Questions de compétitivité
Sur le plan économique, l’adhésion du Maroc serait globalement bénéfique, notamment dans les secteurs de l’agriculture et de l’industrie, dans lesquels le royaume a réalisé des avancées.
« Le marché de l’élevage et des produits laitiers semble offrir une opportunité lucrative pour les États-membres actuels de la Cedeao en raison de tarifs d’importation relativement bas. Cependant, il reste beaucoup à faire au niveau des pays de la zone pour que leurs exportations dans ce secteur puissent être compétitives », indique l’étude.

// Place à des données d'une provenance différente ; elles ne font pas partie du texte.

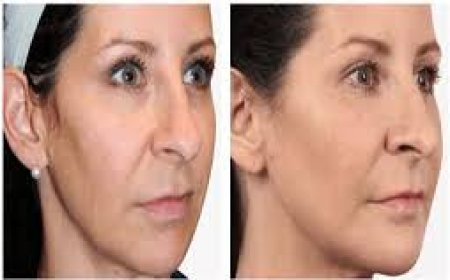 Non-surgical face lift Bangalore treatments that work without surgery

Au niveau industriel, en raison des différences de développement entre le Maroc et d’autres pays de la zone, il est nécessaire de mettre en place des mesures de mise à niveau pour les industries des États-membres.
D’après nos sources diplomatiques, le royaume est prêt à participer à la réalisation des grands projets identifiés par la Cedeao, à la mise à niveau de l’agriculture et à la co-localisation dans l’industrie.
Sahara occidental, facteur de division
Du point de vue politique, l’étude d’impact souligne certes que le Maroc joue un grand rôle dans la région, notamment dans les domaines de maintien de la paix et de lutte contre le terrorisme.
Mais elle attire aussi l’attention des chefs d’État de la Cedeao sur la nécessité d’anticiper la manière de traiter la question du Sahara occidental. Car « elle constitue un potentiel facteur qui pourrait créer des divisions entre les États membres actuels dans le cas où le Maroc deviendrait membre ».
Enfin, l’étude d’impact relève que la demande d’adhésion du Maroc pourrait inciter d’autres pays à le faire. De fait, la Cedeao devrait réexaminer de plus près ces pré-conditions d’adhésion.
Pour résumer, si rien n’empêche l’acceptation du Maroc au sein de la Cedeao, il faudra des mesures transitoires accompagnés d’une mise à niveau de certaines économies de la région pour bénéficier équitablement du marché commun.